New York/Juba, January 17, 2017 (SSNA) — The government of South Sudan has been accused of obstructing UN process to deploy additional 4,000 peacekeepers as agreed last year, the newly appointed United Nations Secretary-General Antonio Guterres said in a confidential report to the 15-member council.
The report which was sent to the UN Security Council Tuesday cites recent contradictory statements made by South Sudanese government officials as indications that Juba is not willing to cooperate with the deployment of an addition peacekeeping force.
“These statements by key officials in charge of defense and security shed doubt on the (government’s) actual willingness to actively cooperate with the deployment and operationalization of the force unless credible pressure is applied to the council and the region to support it,” Guterres said in the report.

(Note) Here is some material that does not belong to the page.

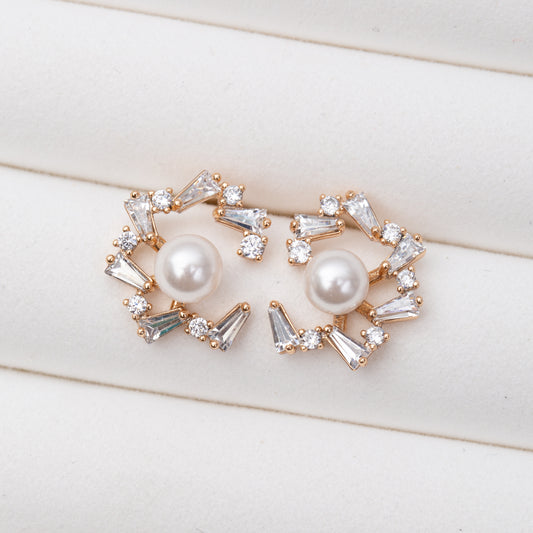 Boucles d'oreilles en plaqué or xuping xp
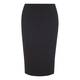 MARINA RINALDI BLACK PENCIL SKIRT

Guterres, who urges the Security Council to apply maximum pressure on South Sudan’s government, added that “The trend of bureaucratic impediments and restrictions continues to constrain the mission’s capacity to carry out its mandated tasks … and its ability to project presence in locations where civilians are in need of protection, including from ethnically driven attacks.”
South Sudan said on January 11 that it rejected the deployment of more UN peacekeepers, claiming the war-torn young nation is calm and capable of protecting itself, adding only people who live outside South Sudan still believe there is fighting in Juba and around the country.
“The government of South Sudan has the ability to provide security and stability for the country and for its citizens without the deployment of a protection force,” Mawein Makol Ariik, the spokesperson for South Sudan’s Ministry of Foreign Affairs, said last Wednesday in a statement obtained by the South Sudan News Agency.
The UN chief further explained in the report that Juba needed to issues visas for UN advance teams, adding that advance teams are parts of the standby 4,000 strong regional protection force already approved by the UN Security Council. In the report, Guterres disclosed that if advance teams conduct visits as required in the deployment agreement, the first batch of the peacekeepers could arrive in South Sudan by the end of February or early March.